This is the question posed on CityNerd video titled “Walkable Cities But They Keep Getting More Affordable”
If you ditched your car, could you afford to leave the suburbs for a great urban neighborhood?
Ray Delahanty answers the question in the 26 biggest US cities.
The analysis assumes the all-in cost of owning and operating a car is $1,000 per month, including purchase, insurance, fuel, and maintenance.
In the city, transportation costs might total about $250 per month for transit passes, biking, ride-hailing, and other small expenses.
This results in an effective $750 per month increase in the housing budget for city center residents who do not own a car.
The results of the video are quite interesting, as you can get more m² in walkable areas in most cities


Yeah, but this post is about moving into an area with such infrastructure…
The post is claiming you can afford such a neighborhood by saving $1,000 a month by not owning a car.
Well, yeah… That’s the whole point.
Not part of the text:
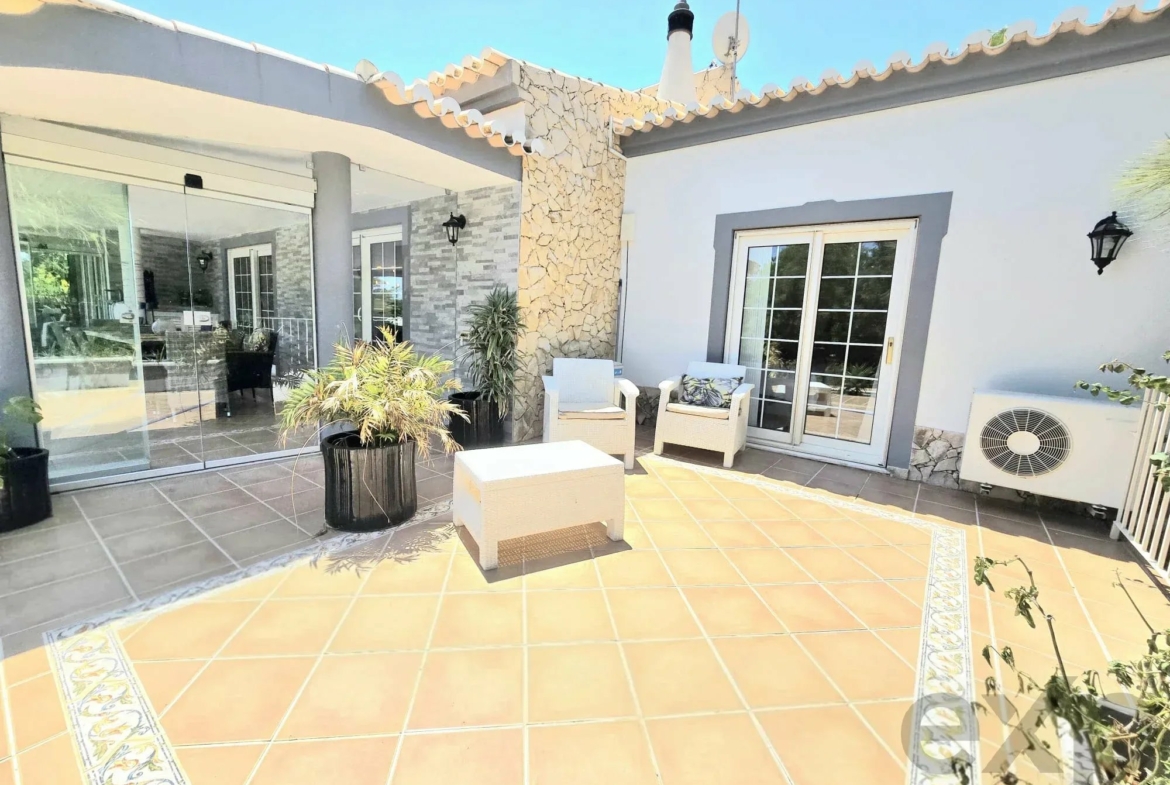 Three-bedroom villa with two-bedroom annexe, pool and countryside views in Carvoeiro, photo 20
If you move into such an area, you don’t need a car. I feel your issue, I live relatively rural and we definitely need a car and I sometimes get upset with this mindset here too. But it doesn’t fit into this post.
You missed my point. It’s trying to state you can offset the higher cost of living in one of those areas because your saving $1000 a month by not owning a car. That $1000 a month figure is bullshit. So is the cost difference between living in a walkable city vs outside of one only being $1000 in many places. Like a small home in the walkable area of Kansas City is around $400,000, while a similar home 10 miles away is $200,000. That’s a lot more than a grand a month difference if you’re getting a mortgage. Like twice as much.
Fair enough. Yeah, the 1000$ figure is bullshit. I pay a grand total of maybe 300€ a month on my car. Ok, it’s a plug-in hybrid that I charge at home with photovoltaics and we mostly don’t use it daily, because we do live relatively close to work and take the E-Bike more often than not. But we’re still paying it off, so that’s where most of that sum comes from.
I live 3km outside of a 90k population city (10km from work) and bought a relatively big house from 1996 for 235k€, so I guess it’s nice to not have to live in or near a gigantic metropolis. I also love to take the E-Bike to work, it’s pure freedom.
Edit: we need the car mostly for grocery shopping and driving our daughter to her friends.
Yeah. E bikes and one wheels and stuff are total fun. I’m hoping to live in one of the Goldilocks zones where you can be near a city and travel everywhere by bike without needing to get on a highway. As it stands, * have to pack my bike in a car and drive out somewhere to ride, and that just sucks.